Страница 8 из 16
Это вызвало к жизни новые перемены.
Возможно, они носили стихийный характер – известно ведь, что к любому спросу на запретный продукт рано или поздно пристраивается криминальная крыша. Но существовали и другие версии. Полиции вовсе не улыбалось еженедельно выезжать в заброшенное здание за очередным погибшим подростком. Сторож из частной фирмы в ответ на предъявляемые претензии улыбался и крутил пальцем у виска – за такую зарплату только сумасшедший станет вылезать из будки. Настоящая, не фиктивная охрана стоила слишком дорого. В этой ситуации мелкий бандит Барбур и его шпана, поселившиеся на девятом этаже корпуса Би, выглядели вполне подходящим решением. Слишком подходящим, чтобы быть случайностью.
Цахи Голан увидел Комплекс вечером, в сумерках. До этого Боаз долго названивал какому-то Шимшону, ругаясь и выторговывая более удобное место и время встречи. По-видимому, аргументы Шимшона оказалось намного весомей, потому что в итоге парням пришлось долго добираться автобусами до городской окраины, а потом еще дольше ждать на тремпиаде вблизи последнего блокпоста. Наконец подъехал обшарпанный форд-транзит с эмблемой табачной фабрики.

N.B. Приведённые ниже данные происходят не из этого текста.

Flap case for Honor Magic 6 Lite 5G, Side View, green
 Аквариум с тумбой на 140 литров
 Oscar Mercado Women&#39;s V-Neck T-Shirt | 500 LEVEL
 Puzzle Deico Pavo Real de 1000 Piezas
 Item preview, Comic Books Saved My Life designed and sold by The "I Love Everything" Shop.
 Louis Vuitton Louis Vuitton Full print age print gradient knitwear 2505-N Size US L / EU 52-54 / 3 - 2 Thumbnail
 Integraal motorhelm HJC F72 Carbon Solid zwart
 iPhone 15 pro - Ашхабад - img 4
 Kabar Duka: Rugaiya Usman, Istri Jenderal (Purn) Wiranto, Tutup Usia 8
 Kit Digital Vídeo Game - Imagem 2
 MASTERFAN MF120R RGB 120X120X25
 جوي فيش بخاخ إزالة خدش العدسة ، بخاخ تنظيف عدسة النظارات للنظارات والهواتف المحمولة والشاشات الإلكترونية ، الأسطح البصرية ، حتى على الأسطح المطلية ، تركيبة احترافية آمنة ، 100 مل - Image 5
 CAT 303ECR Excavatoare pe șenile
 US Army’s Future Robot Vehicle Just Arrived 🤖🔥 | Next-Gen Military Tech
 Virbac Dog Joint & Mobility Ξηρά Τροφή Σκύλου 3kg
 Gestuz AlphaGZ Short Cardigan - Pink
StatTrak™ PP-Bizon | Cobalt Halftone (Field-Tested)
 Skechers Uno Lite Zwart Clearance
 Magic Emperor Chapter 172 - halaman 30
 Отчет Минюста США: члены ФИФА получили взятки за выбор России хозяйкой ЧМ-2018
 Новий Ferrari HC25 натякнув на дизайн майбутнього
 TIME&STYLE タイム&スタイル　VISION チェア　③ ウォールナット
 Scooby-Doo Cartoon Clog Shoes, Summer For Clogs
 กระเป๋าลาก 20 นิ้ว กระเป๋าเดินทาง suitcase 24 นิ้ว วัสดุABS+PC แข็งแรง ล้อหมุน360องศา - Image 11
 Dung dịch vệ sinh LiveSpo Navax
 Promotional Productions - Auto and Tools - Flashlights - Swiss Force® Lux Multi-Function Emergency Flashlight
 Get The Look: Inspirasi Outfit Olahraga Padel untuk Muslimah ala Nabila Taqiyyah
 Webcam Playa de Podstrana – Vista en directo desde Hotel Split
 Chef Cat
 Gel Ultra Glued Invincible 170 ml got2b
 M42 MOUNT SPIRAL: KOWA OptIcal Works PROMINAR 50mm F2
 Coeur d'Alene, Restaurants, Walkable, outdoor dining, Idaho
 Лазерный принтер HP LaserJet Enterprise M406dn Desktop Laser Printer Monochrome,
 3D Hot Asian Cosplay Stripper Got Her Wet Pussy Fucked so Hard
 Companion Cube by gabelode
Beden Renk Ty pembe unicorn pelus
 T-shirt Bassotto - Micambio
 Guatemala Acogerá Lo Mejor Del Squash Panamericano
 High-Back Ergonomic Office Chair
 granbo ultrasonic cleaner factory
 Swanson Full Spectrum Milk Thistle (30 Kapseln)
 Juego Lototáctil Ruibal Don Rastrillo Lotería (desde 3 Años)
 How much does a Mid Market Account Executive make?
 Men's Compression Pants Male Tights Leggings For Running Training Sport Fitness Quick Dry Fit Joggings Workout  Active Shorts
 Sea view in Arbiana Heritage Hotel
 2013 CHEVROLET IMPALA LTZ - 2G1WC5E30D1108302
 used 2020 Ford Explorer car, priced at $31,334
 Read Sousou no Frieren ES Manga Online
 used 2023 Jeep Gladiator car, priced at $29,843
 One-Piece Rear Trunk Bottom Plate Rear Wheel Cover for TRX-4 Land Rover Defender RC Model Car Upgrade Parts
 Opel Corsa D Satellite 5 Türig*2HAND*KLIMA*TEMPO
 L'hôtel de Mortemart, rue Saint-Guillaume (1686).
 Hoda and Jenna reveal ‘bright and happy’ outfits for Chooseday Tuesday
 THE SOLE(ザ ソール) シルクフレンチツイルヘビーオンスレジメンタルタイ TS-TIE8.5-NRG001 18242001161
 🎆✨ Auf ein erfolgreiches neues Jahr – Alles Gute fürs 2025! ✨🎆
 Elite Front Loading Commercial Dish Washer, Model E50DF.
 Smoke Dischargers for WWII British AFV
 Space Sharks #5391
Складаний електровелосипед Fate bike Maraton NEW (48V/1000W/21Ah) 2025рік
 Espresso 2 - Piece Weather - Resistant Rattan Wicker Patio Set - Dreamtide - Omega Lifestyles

– Раньше не мог? – мрачно спросил Боаз, устраиваясь на сиденье. – Цахи, это Шимшон. Знакомство, опасное для здоровья. Минздрав предупреждает.
И в самом деле, внутри транзита остро воняло табаком, дизельным выхлопом и потом. Шимшон, мосластый долговязый мужчина на шестом десятке, запальчиво крутанул головой.
– А вот не мог. Не всем же баклуши бить, кто-то и работать должен… – он кивнул на приборный щиток, на глухо бормочущее радио. – Во, слыхали? Биржа опять падает. Копишь, копишь, работаешь, работаешь, а потом – вжик! Мать их так…
Он выругался, отер рот грязной ладонью и больше уже не замолкал, брызжа слюной и энергично потряхивая длинными седыми космами. Боаз не отвечал; Цахи тоже не слушал. По обеим сторонам пустого шоссе тянулись желтоватые холмы с редкими кучками домов и тонущими в мусоре бедуинскими стоянками; тут и там уже светились зеленые огоньки минаретов. Неожиданно Шимшон свернул на обочину:
– Приехали!
Цахи недоуменно взглянул на Боаза: вокруг не было ничего, что объясняло бы остановку, – ни здания, ни перекрестка. Боаз кивнул:
– Отсюда ближе. Вылезай.
Они спрыгнули в дорожную пыль.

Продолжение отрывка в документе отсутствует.